Más allá de la distorsión sectaria y de la polémica partidista de los opositores --que querían por su medio modificar la Ley de Probidad--, la Ley de Acceso a la Información aprobada es una buena ley de la que la gente debe apropiarse, conocerla y usarla, a pesar de sus detractores, ya que así se fortalecerá el sistema democrático que fue acordado desde hace 20 años con los Acuerdos de Esquipulas. Su vigencia, entonces, era perentoria, pues necesitamos ser exitosos en la gestión de los recursos públicos --que con su voto ha encomendado la población--, para salir de la pobreza y lograr el desarrollo integral, sostenible y con equidad.
Las dos exacerbadas críticas que a esta ley le han hecho los opositores carecen de fundamento y no la demeritan, pues la publicidad sin cortapisas de las declaraciones de probidad se logrará mediante la reforma a la “Ley 438, Ley de Probidad de los Servidores Públicos”, y las referencias al ejercicio periodístico “no tienen ningún impacto negativo ni positivo sobre el periodismo nicaragüense”, como lo reconoce el experto en comunicación social Arturo Walace.
Con la vigencia de la Ley de Acceso a la Información Pública se realizará de mejor forma el derecho humano a la información, se fomentará la vocación de servicio y la rendición de cuentas de los funcionarios del Estado, se mejorará la transparencia en la función pública, se perfeccionará el ejercicio de la democracia, se hará más efectiva la participación ciudadana, se ejercitará la ciudadanía, se disminuirá la corrupción y los abusos con los recursos públicos y se mejorará la eficacia, la eficiencia y la gobernabilidad. Todos estos postulados del Gobierno de Unidad y Reconciliación Nacional son metas que dicen haber asumido también otras alianzas políticas, por lo que hay razón para que todos nos congratulemos de la vigencia de esta ley, si de verdad queremos el bienestar de la gente.
No obstante, el “cuello de botella” en la aplicación de esta estratégica ley será la falta de apropiados sistemas de archivo y de documentación en casi todas las dependencias del Gobierno y de las alcaldías, así como la ausencia de suficiente personal entrenado en la clasificación, archivo y documentación. En estos meses hemos visto en todas las oficinas públicas cómo se estaban “archivando” en cajas de cartón y en “sacos macén” los documentos producidos en el año anterior y que no son del uso corriente. Cuando dentro de seis meses termine la “vacatio legis” de la Ley de Acceso a la Información Pública, y la gente solicite cualquier documento e información producida en años anteriores, no se le podrá atender, pues por la falta de los equipos, de los instrumentos, de los sistemas y del personal referidos, será imposible que se cumpla con esta ley, y de nuevo la culpa se la achacarán al Gobierno.
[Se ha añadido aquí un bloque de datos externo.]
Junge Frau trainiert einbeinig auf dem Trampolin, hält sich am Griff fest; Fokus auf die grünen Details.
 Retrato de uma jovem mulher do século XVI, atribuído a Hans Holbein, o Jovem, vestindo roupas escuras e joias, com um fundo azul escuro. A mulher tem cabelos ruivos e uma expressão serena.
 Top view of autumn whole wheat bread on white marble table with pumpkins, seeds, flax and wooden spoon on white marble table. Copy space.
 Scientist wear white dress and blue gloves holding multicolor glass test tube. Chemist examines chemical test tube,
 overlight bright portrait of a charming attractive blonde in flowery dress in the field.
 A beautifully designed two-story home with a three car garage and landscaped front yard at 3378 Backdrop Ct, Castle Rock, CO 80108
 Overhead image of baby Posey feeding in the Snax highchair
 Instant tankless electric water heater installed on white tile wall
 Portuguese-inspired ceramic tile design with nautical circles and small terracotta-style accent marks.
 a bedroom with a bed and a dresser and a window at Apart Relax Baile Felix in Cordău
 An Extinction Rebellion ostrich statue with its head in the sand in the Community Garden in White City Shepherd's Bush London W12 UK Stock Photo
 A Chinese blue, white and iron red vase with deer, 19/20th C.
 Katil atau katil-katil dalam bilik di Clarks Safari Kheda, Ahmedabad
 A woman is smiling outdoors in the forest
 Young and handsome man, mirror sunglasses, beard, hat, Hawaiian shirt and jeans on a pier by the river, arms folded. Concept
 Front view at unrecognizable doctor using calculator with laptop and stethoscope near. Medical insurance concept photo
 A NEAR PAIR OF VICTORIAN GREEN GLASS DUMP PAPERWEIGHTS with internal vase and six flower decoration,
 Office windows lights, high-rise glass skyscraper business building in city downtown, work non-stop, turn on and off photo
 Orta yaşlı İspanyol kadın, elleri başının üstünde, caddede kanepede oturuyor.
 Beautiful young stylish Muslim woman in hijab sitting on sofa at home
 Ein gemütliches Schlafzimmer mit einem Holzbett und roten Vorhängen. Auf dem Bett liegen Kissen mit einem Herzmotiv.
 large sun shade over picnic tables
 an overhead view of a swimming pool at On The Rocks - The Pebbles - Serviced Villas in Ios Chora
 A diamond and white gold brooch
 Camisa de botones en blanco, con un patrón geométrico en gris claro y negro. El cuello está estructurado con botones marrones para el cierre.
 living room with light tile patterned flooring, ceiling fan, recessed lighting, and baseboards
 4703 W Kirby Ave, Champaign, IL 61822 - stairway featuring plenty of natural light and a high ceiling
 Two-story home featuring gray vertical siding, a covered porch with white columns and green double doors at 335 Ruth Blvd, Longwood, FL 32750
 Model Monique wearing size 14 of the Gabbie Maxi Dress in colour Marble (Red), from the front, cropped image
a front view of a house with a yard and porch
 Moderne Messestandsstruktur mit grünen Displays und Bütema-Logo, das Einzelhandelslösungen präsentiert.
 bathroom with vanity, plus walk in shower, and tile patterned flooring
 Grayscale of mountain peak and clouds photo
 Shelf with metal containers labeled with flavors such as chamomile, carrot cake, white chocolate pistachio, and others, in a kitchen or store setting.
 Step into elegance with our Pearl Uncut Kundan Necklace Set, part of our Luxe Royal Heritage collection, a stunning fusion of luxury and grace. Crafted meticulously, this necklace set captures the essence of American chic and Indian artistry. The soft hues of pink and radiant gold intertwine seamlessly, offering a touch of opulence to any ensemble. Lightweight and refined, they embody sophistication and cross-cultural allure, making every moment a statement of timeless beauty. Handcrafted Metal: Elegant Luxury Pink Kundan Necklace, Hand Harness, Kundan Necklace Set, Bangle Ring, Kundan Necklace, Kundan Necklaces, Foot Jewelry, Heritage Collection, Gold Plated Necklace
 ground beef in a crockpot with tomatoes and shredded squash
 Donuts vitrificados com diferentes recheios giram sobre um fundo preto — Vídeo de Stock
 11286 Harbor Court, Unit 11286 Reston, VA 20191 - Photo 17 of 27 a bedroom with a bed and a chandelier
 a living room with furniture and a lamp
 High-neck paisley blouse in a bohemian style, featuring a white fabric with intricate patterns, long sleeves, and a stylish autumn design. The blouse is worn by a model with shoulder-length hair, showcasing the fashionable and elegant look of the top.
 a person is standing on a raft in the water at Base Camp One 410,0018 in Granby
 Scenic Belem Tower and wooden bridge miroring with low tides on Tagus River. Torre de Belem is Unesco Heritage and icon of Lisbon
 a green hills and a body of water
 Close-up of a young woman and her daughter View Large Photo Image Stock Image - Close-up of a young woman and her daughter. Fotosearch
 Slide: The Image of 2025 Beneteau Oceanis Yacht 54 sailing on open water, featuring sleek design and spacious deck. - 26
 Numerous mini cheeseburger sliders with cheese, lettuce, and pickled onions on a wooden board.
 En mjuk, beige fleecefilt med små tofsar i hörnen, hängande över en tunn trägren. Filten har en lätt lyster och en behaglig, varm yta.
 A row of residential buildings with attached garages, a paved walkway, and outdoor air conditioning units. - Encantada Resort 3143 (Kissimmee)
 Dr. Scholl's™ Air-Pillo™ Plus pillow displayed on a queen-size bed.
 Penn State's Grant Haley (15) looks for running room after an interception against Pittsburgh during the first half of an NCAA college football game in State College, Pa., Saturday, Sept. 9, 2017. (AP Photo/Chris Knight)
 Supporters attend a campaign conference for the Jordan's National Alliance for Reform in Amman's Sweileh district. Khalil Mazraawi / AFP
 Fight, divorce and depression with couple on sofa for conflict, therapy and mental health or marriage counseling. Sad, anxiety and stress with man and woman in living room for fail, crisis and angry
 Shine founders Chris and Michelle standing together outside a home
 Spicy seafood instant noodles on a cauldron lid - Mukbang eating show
Urge, por lo tanto, que el Presidente de la República, además de ordenar la pronta reglamentación de la ley, gire instrucciones a todos los ministros del Poder Ejecutivo y a los titulares de las empresas autónomas, para que a lo inmediato comiencen a subsanar esa deficiencia, se destine presupuesto y se organicen los Centros de Archivo y Documentación como lo mandata la Ley, así como que se entrene y se contrate el personal calificado en estas tareas. Organismos internacionales cooperantes como el Banco Mundial (BM), el Banco Interamericano de Desarrollo (BID) y la Unión Europea, entre otros, han expresado la disposición de apoyar proyectos con estos propósitos, por lo que el Gobierno debe aprovechar esta disposición y apoyar también a las alcaldías en estas necesidades.
Mientras tanto, los medios de comunicación --incluidos los recalcitrantes opositores-- deberían promover entre los habitantes el conocimiento de esta Ley, habida cuenta que ellos, día a día, serán importantes beneficiarios de la misma en el ejercicio de su labor social informativa.